[Your goal]:
As the answer, give exactly the lines of the records below from the one with "الملحق الثقافي بالسفارة" through the one with "Minen Hotel Τσουμέμπ Εξωτερικό φωτογραφία", ends included and pictures left out.

[Supplied entries]:

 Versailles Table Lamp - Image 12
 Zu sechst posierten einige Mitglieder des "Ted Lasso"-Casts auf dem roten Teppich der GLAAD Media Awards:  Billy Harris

* * *

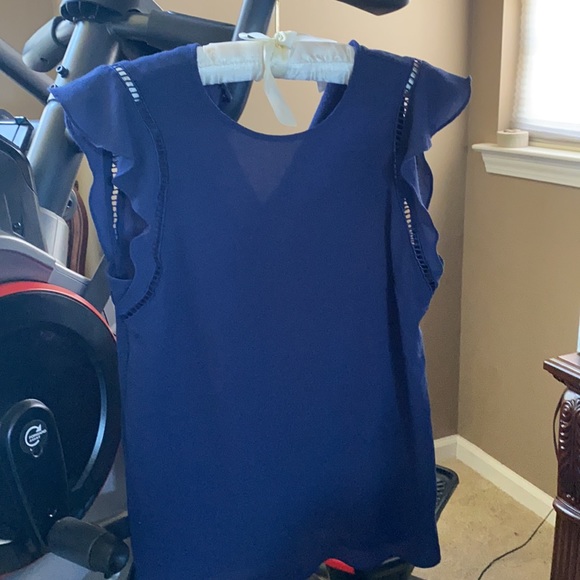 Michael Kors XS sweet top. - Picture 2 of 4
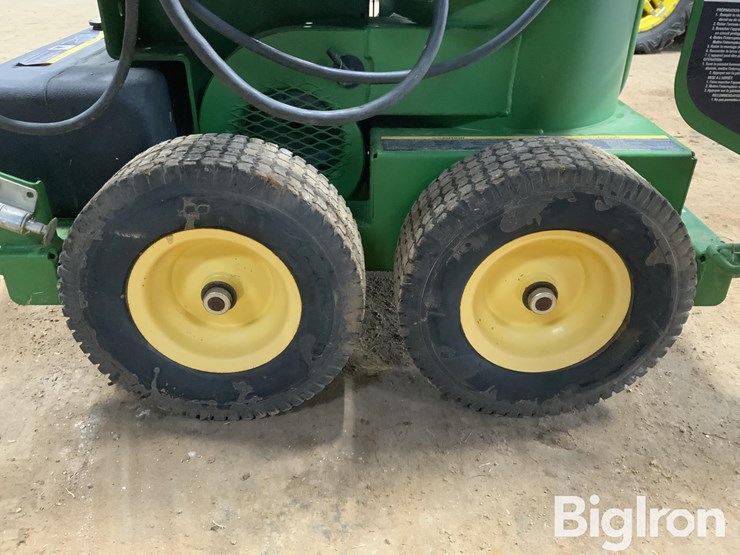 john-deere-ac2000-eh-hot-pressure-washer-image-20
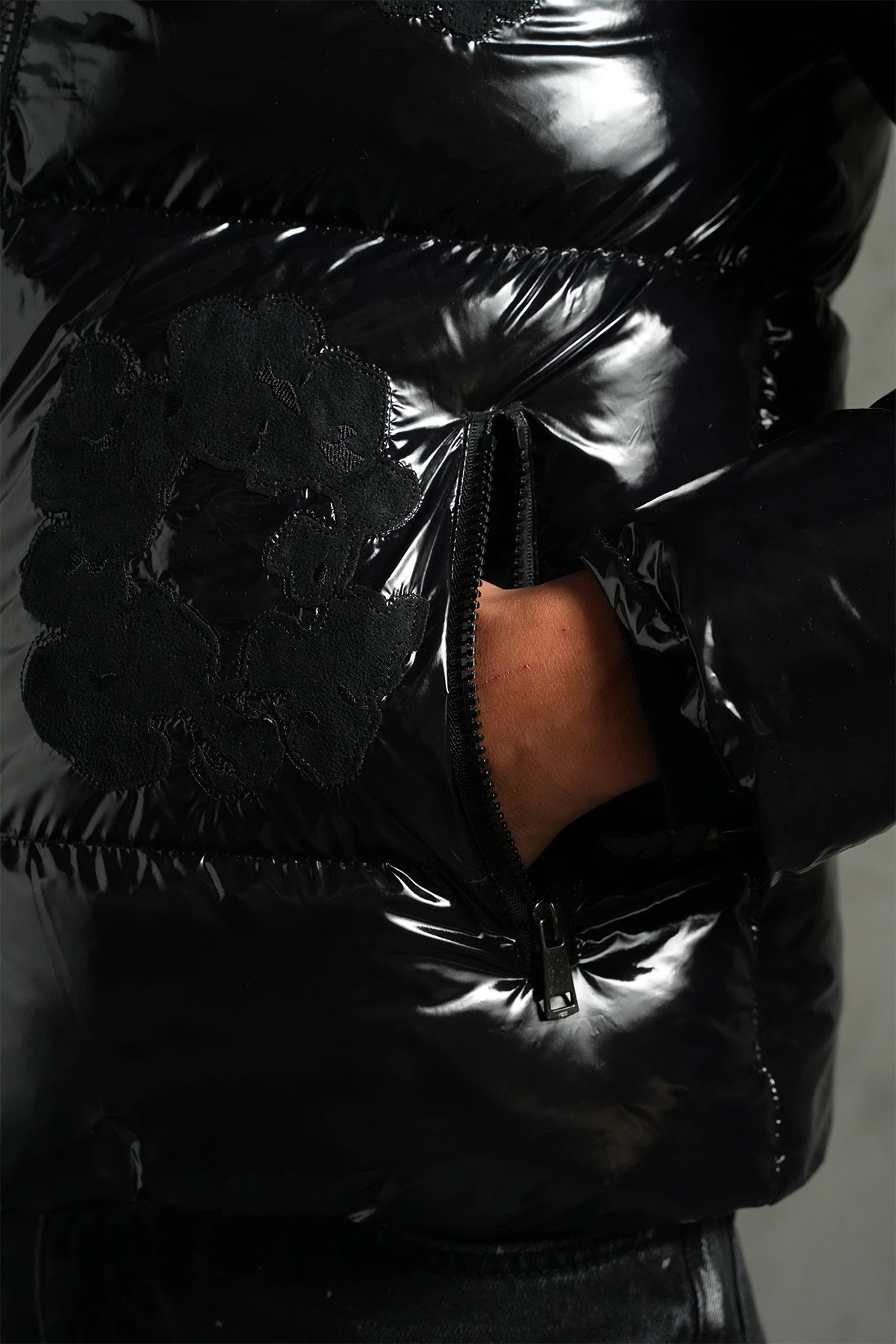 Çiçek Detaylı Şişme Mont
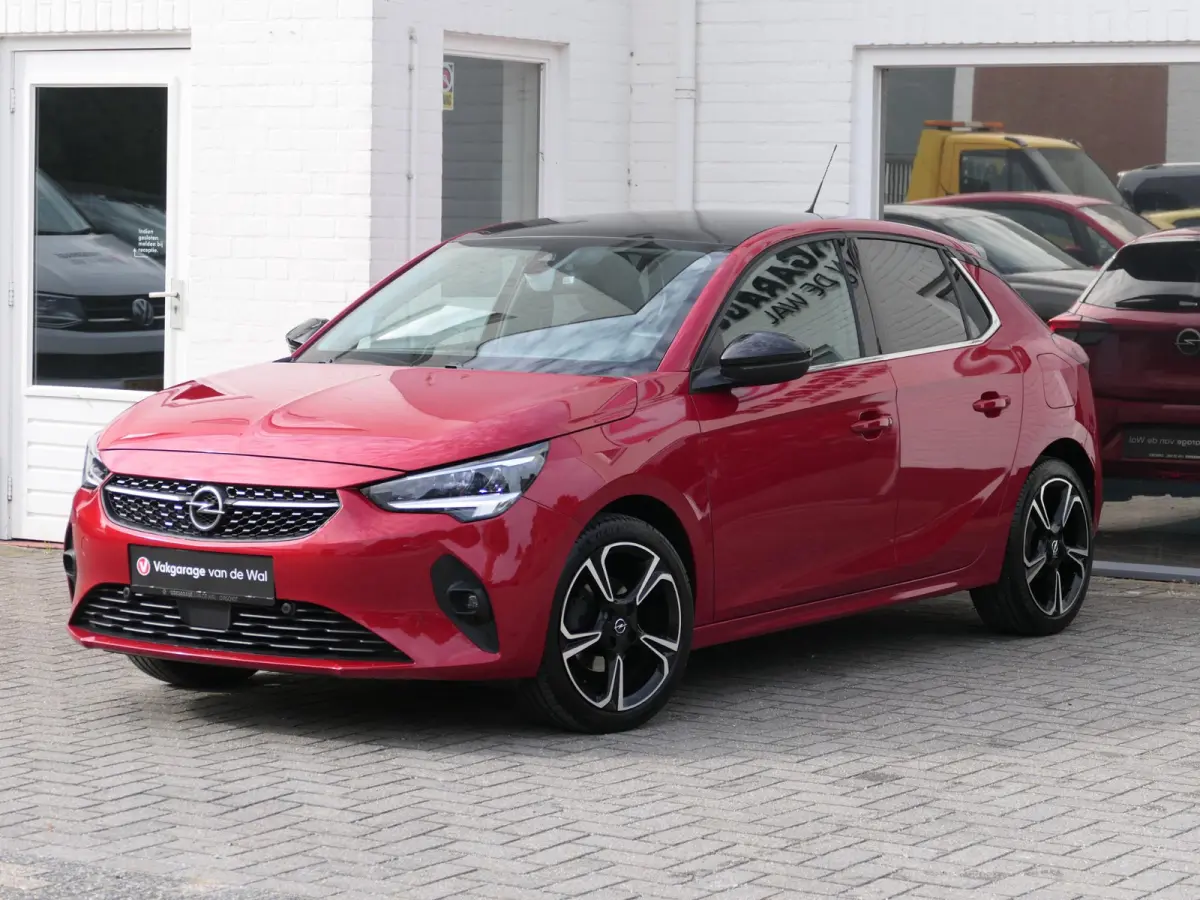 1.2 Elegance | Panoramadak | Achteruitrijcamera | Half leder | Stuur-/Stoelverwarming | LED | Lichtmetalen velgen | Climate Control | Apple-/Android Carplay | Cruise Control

--

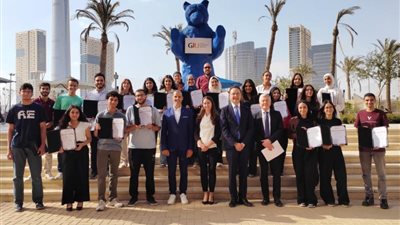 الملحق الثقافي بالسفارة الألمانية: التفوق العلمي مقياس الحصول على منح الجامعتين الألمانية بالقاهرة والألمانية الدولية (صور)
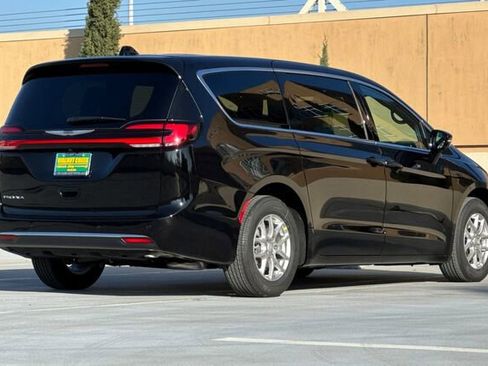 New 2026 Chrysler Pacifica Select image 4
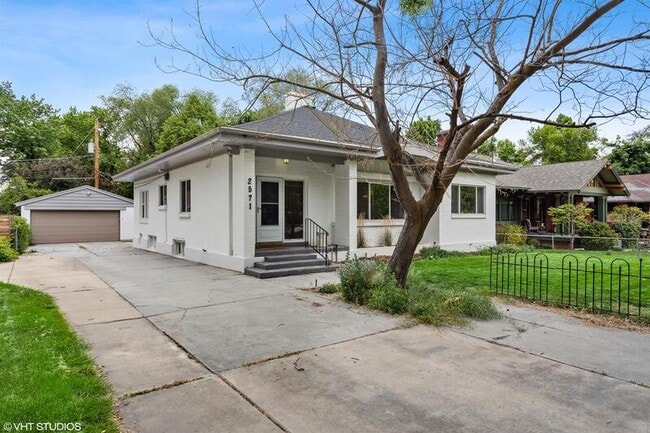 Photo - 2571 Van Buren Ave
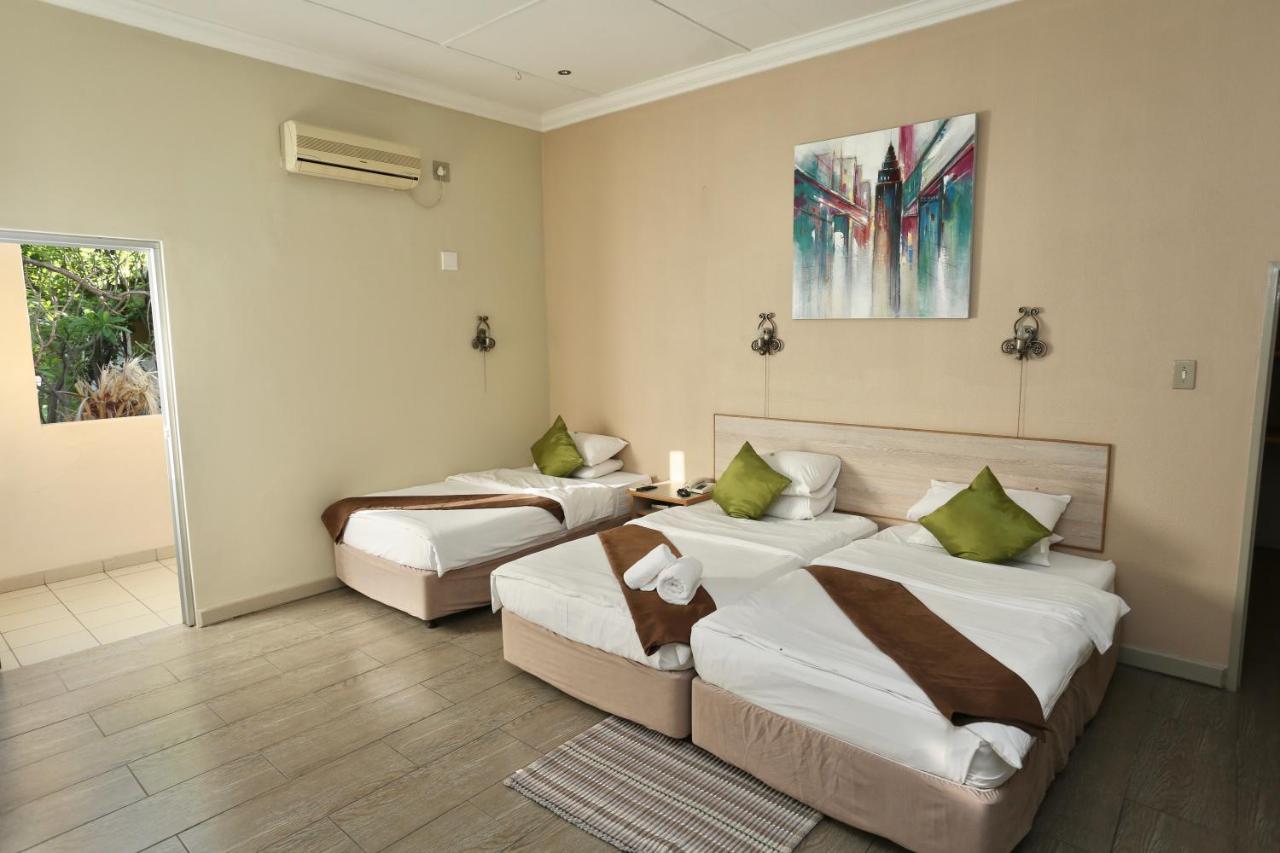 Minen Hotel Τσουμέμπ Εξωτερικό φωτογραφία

[Exercise solution]:
 الملحق الثقافي بالسفارة الألمانية: التفوق العلمي مقياس الحصول على منح الجامعتين الألمانية بالقاهرة والألمانية الدولية (صور)
 New 2026 Chrysler Pacifica Select image 4
 Photo - 2571 Van Buren Ave
 Minen Hotel Τσουμέμπ Εξωτερικό φωτογραφία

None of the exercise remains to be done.